**PROBLEM REQUIREMENTS**:
Please state how many lines of the records hold the string "Silk", giving nothing but the number.

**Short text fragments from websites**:
↓

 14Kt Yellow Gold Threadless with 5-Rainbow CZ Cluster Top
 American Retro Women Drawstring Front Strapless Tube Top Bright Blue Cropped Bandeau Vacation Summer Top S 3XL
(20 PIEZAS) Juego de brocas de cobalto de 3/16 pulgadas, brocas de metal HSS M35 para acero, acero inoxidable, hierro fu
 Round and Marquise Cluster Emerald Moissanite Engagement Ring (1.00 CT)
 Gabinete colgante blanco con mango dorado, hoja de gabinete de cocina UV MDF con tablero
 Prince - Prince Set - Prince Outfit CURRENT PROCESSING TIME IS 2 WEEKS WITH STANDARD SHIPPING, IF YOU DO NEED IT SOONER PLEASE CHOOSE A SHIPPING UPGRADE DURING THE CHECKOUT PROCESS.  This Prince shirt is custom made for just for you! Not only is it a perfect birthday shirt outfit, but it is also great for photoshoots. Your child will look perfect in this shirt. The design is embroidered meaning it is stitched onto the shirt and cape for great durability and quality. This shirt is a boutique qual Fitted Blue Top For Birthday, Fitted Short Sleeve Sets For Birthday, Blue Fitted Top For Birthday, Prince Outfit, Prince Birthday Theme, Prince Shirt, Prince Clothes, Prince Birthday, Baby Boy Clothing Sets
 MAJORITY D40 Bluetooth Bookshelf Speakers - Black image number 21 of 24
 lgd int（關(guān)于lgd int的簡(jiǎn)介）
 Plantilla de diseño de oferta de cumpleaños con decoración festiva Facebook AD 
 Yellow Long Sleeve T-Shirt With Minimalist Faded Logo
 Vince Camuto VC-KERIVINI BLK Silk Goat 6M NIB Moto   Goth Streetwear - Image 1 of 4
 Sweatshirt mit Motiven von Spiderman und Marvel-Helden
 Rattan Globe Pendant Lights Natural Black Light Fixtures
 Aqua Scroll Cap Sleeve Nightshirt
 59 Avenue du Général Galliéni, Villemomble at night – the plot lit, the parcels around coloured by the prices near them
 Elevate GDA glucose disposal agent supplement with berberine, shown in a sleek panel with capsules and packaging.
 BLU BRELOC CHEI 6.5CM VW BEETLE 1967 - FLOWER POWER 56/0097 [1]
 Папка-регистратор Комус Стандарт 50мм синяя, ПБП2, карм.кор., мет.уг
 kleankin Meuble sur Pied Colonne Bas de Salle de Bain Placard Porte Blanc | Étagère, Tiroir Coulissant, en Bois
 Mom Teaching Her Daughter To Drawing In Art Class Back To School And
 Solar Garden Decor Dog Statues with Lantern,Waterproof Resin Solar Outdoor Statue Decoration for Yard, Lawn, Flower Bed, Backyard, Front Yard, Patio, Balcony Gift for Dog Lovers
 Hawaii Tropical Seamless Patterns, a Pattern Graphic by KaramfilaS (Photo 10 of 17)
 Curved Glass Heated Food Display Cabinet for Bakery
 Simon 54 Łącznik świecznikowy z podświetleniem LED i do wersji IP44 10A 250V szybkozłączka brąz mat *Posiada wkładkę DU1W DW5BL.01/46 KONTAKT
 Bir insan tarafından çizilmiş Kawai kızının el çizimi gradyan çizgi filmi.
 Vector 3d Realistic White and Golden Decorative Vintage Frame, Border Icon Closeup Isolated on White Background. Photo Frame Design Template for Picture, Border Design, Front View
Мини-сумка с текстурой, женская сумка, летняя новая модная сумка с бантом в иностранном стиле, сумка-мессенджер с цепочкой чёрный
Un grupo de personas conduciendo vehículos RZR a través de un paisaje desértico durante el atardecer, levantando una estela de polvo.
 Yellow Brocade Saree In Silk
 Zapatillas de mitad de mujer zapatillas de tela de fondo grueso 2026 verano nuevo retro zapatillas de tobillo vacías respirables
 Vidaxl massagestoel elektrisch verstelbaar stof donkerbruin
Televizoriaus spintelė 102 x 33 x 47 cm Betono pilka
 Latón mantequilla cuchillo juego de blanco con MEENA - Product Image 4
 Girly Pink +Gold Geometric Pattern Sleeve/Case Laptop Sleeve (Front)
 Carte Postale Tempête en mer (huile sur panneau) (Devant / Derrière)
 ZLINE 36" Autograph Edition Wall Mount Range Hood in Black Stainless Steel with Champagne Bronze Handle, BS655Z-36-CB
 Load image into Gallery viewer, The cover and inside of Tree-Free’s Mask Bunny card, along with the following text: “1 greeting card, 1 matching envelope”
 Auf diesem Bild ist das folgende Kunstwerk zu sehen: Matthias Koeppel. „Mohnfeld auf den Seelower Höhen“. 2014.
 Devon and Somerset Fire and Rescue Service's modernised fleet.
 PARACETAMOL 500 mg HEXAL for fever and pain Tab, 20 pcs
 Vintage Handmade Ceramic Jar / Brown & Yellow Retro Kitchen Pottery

↑

**WRITTEN ANSWER**:
2